> _Provided material_:
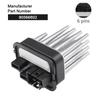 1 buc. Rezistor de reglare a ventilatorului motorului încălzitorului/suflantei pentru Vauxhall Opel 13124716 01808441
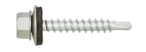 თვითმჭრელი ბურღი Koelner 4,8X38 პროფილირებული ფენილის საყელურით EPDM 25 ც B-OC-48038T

* * *

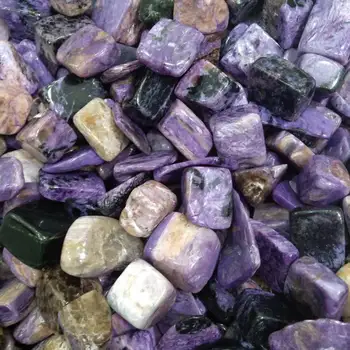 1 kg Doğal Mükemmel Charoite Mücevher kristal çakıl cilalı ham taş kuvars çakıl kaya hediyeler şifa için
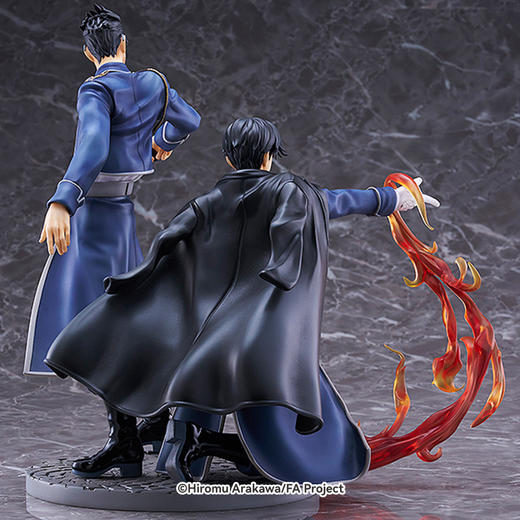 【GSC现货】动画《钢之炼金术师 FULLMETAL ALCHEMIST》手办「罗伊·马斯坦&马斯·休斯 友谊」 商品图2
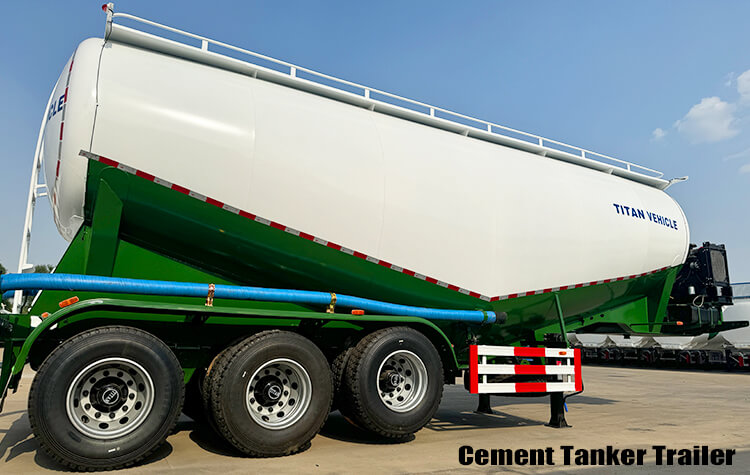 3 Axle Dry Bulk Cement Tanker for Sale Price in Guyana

==

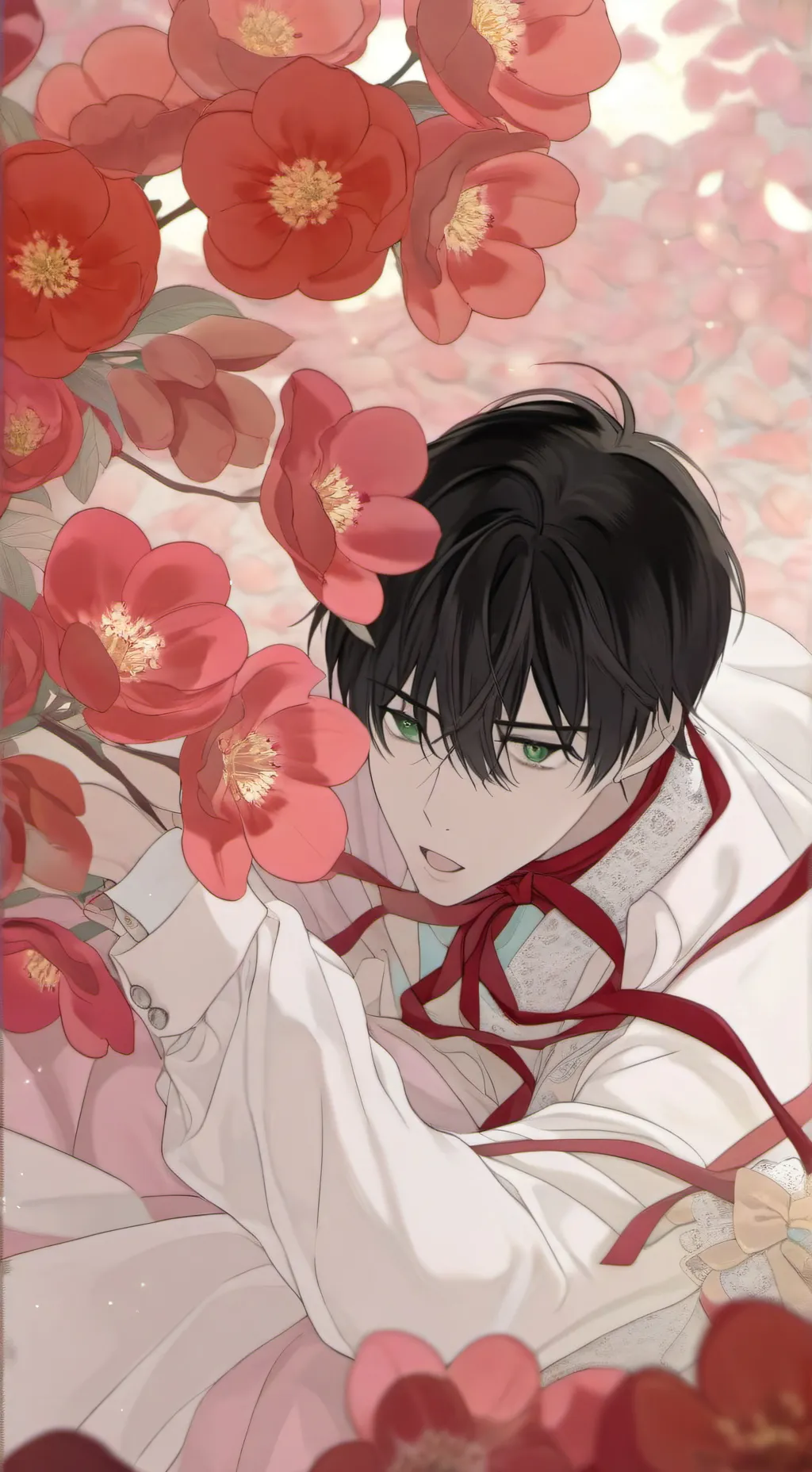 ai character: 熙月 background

> _Brief_: What to print is the stretch of entries from the line with "1 buc. Rezistor" up to and including the line with "თვითმჭრელი ბურღი Koelner". Please print it exactly and leave out the pictures.

> _Response area_:
 1 buc. Rezistor de reglare a ventilatorului motorului încălzitorului/suflantei pentru Vauxhall Opel 13124716 01808441
 თვითმჭრელი ბურღი Koelner 4,8X38 პროფილირებული ფენილის საყელურით EPDM 25 ც B-OC-48038T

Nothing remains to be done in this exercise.